In 2022, we wrote about financial industry regulators raising the cybersecurity bar for their regulated entities. Now amended, the updated New York Department of Financial Services (NYDFS) cybersecurity regulation is in Year 2 of its rollout plan. Below are updates on where things stand for financial entities operating in the Empire State.
23 NYCRR part 500 recap
To recap quickly, in 2017, the New York Department of Financial Services introduced cybersecurity regulation 23 NYCRR Part 500, which applies to all financial institutions, insurance companies, brokers, lenders, and money transmitters operating in New York.

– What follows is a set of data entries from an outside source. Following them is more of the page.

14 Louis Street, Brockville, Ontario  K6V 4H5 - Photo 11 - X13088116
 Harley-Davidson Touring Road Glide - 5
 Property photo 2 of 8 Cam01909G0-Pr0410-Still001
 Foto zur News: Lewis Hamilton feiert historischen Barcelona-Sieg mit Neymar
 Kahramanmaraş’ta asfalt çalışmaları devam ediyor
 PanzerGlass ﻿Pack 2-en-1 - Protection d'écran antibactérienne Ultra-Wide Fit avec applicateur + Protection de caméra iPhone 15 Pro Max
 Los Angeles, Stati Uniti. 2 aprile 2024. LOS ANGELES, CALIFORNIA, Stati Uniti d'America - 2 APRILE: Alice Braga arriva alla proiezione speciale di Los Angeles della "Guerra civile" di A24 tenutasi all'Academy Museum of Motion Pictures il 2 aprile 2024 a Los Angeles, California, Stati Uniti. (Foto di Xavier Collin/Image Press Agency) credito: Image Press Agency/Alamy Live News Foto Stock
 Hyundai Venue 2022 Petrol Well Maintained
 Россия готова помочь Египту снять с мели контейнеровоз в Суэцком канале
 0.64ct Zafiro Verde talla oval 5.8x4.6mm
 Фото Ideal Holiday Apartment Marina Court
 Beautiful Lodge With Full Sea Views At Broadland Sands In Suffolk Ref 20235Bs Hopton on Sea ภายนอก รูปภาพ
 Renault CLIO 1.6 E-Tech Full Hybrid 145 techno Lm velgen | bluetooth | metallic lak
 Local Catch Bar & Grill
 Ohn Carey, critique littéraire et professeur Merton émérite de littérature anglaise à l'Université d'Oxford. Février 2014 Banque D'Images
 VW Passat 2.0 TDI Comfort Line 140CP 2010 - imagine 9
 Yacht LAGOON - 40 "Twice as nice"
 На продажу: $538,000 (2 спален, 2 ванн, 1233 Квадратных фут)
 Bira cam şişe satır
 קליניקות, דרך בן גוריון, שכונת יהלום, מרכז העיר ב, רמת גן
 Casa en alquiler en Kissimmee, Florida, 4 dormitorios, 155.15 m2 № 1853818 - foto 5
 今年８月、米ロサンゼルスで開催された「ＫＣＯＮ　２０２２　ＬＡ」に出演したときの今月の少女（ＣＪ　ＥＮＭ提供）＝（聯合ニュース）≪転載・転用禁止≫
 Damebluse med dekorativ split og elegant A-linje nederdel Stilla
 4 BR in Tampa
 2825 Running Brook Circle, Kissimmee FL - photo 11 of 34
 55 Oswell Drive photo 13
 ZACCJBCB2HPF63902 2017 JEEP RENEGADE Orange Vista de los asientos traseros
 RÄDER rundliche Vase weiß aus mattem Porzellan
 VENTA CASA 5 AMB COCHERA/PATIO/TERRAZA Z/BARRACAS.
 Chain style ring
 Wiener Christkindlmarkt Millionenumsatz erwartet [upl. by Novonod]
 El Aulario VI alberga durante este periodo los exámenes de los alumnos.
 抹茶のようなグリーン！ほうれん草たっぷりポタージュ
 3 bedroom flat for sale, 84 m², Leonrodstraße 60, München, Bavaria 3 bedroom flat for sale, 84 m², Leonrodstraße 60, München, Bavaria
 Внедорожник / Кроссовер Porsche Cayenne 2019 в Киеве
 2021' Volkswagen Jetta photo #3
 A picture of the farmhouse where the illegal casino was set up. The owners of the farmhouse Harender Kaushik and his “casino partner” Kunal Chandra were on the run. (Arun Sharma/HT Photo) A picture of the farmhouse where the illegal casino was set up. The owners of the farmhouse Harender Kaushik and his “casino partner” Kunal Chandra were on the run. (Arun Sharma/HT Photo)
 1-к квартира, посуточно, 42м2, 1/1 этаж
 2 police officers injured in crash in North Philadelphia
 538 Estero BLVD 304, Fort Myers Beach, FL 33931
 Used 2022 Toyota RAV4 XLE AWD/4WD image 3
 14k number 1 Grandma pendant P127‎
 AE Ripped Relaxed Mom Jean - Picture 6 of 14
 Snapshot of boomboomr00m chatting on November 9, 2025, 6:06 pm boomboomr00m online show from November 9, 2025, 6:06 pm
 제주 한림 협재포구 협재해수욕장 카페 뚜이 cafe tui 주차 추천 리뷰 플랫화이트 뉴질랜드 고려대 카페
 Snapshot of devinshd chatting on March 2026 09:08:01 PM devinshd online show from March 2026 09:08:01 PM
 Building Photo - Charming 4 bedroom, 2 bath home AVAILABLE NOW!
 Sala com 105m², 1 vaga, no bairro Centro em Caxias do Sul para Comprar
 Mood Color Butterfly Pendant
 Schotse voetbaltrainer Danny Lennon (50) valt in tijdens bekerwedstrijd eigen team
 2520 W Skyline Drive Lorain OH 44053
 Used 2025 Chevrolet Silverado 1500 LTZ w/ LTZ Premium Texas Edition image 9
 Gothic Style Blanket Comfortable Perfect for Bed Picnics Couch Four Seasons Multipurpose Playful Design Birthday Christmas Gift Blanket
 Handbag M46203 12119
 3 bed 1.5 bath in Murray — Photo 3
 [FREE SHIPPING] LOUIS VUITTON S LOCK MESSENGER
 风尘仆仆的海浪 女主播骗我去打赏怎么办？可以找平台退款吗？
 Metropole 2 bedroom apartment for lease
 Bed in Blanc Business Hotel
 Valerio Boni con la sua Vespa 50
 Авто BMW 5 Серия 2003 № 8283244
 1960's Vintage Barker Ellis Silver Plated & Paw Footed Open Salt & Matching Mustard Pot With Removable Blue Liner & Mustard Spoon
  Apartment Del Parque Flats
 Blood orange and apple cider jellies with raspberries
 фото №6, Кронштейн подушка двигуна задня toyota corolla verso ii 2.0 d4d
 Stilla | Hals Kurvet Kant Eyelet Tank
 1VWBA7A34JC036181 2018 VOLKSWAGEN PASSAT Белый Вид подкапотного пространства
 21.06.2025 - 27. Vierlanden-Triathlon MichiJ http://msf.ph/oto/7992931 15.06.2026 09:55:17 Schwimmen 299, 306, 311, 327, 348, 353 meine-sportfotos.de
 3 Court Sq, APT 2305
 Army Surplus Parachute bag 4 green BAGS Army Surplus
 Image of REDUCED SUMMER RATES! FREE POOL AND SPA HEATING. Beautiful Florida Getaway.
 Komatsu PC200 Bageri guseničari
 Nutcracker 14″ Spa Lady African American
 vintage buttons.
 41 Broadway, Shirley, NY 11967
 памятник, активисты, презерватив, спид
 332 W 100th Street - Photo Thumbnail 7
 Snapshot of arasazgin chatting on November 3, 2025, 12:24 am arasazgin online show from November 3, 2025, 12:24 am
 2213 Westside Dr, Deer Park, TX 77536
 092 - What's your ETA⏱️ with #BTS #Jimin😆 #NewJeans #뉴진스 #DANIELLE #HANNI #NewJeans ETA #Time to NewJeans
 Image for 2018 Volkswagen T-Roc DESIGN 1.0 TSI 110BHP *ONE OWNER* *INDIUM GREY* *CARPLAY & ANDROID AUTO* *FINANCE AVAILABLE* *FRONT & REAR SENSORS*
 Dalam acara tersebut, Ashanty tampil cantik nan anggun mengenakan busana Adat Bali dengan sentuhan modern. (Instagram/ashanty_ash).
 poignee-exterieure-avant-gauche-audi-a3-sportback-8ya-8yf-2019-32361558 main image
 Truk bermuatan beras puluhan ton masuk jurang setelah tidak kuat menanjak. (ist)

This regulation was amended in November 2023, adding specific technical requirements for these entities to comply with, including:
- Vulnerability management for deployed systems
- Password complexity requirements
- Multifactor authentication
- Role-based access control
- Encryption of NPI (nonpublic personal information) at rest and in flight
- Automated vulnerability scanning
- Implementing a SIEM
- Maintaining an inventory of deployed systems
Patching vulnerabilities
Why do you need an inventory of deployed systems? You can’t update what you don’t know about. It’s essential to understand which machines, operating systems, and applications exist in the environment and their current patch levels. This way, unpatched vulnerabilities can be identified, classified according to CVE score, and remediated based on an SLA defined by the business.
This vulnerability scanning process should be automated to eliminate the possibility of human errors/omissions. This is a critical part of cyber hygiene for any financial institution. NYDFS also calls out the need for a SIEM (security information and event management) system that synthesizes alerts from monitored sources (such as Endpoint Detection and Response tools) in the environment as an additional automated control.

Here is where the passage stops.